Several remarkably good books about scientific visualization have been published:

The last book on the list has been influential also for building R library ggplot2: Wickham H. (2010) “A Layered Grammar of Graphics””

The author of current short tutorial is not trying to compete with any of the previously mentioned books. The aim is to go through some of the important aspects of scientific visualization and demonstrate the process of creating them.
More specifically we are focusing on R library tidyverse, sf and tmap.

For many R users the capabilities of base R plotting are enough link.

plot(data_table$var1, data_table$var2, main = "Title", ylab="value y", type = "l", col="red")
points(data_table$var1, data_table$var2, col="blue")

In many cases basic plotting engine is not enough or is too clumsy (far from intuitive). There are available some plotting libraries as well: lattice, ggplot2. During the current course we are going to use mainly the ggplot2 library. But today we also live in conditions of so called sf revolution and we have access to (new) library for thematic mapping: tmap.
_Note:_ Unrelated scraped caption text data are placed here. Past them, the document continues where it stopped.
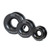 Product thumbnail view 2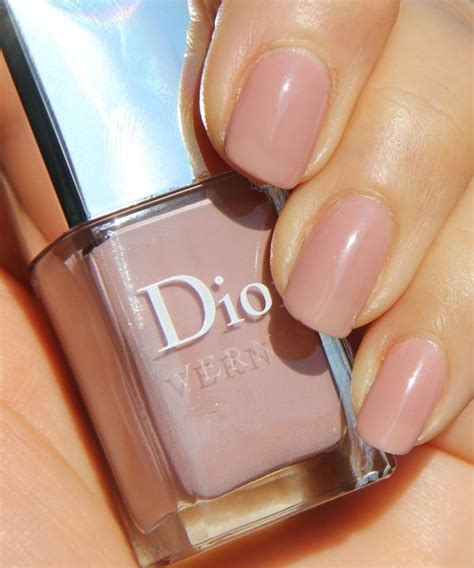 dior incognito nail polish swatch|luxury Dior nail polish.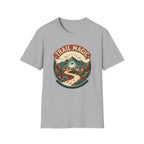 Trail Magic T-Shirt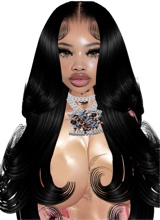 PlayGirlSnow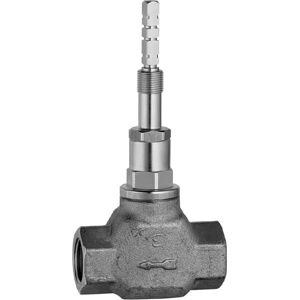 Supapa Hansa DN 20 - Montaj pe perete - Cupru - 48 l/min - EN 200 Supapa Hansa DN 20 - Montaj pe perete - Cupru - 48 l/min - EN 200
ggplot2 website says: “ggplot2 is a system for declaratively creating graphics, based on The Grammar of Graphics. You provide the data, tell ggplot2 how to map variables to aesthetics, what graphical primitives to use, and it takes care of the details.

ggplot object must have:

  • data: You can’t create a plot without data (must be stored as an R data frame);
  • coordinate system: describes 2-D space that data is projected onto;
  • geoms: describe type of geometric objects that represent data (points, lines, polygons);
  • aesthetics: describe visual characteristics that represent data (position, size, color, shape, transparency, fill);
  • scales: for each aesthetic, describe how visual characteristic is converted to display values (log scales, color scales, size scales, shape scales)
  • stats : describe statistical transformations that typically summarize data (counts, means, medians, regression lines);
  • facets: describe how data is split into subsets and displayed as multiple small graphs.
ggplot()+
  theme_excel()+
  geom_path(data = data_table, aes(x = var1, y = var2), colour = "blue", size = 0.25)+
  geom_point(data = data_table, aes(x=var1, y=var2), fill="pink", colour="red", shape=21, size=3)+
  labs(title="simple example", x="header, x", y="header, y")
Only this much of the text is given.